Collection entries

-------------------------

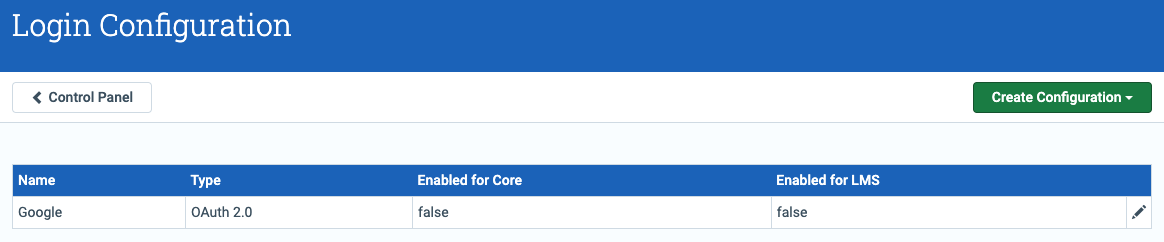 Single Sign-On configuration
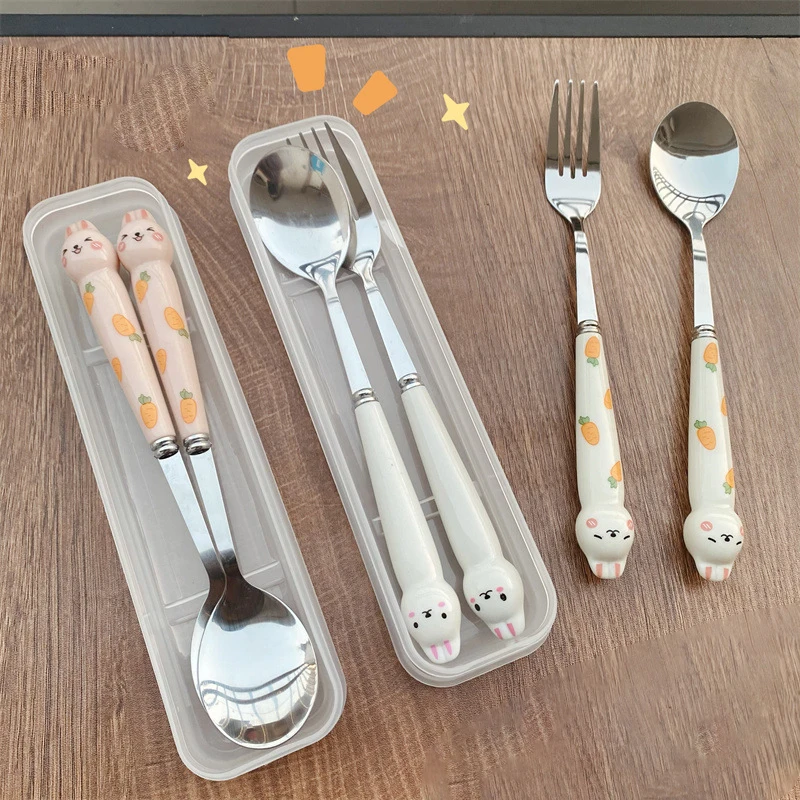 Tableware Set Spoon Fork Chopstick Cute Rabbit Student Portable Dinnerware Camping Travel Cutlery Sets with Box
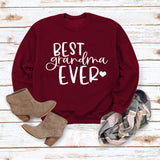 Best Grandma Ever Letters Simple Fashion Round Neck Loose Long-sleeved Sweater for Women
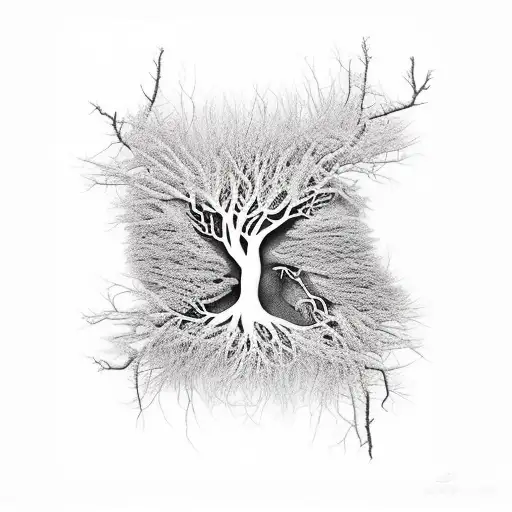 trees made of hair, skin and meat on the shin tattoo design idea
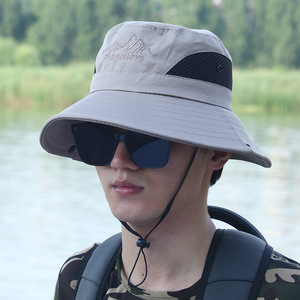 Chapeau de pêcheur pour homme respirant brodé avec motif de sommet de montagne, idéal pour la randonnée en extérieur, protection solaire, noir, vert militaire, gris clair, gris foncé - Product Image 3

-------------------------

## ACTIVITY
Each of the lines above should be transcribed exactly; no image is to be copied.

## TASK OUTPUT
 Single Sign-On configuration
 Tableware Set Spoon Fork Chopstick Cute Rabbit Student Portable Dinnerware Camping Travel Cutlery Sets with Box
 Best Grandma Ever Letters Simple Fashion Round Neck Loose Long-sleeved Sweater for Women
 trees made of hair, skin and meat on the shin tattoo design idea
 Chapeau de pêcheur pour homme respirant brodé avec motif de sommet de montagne, idéal pour la randonnée en extérieur, protection solaire, noir, vert militaire, gris clair, gris foncé - Product Image 3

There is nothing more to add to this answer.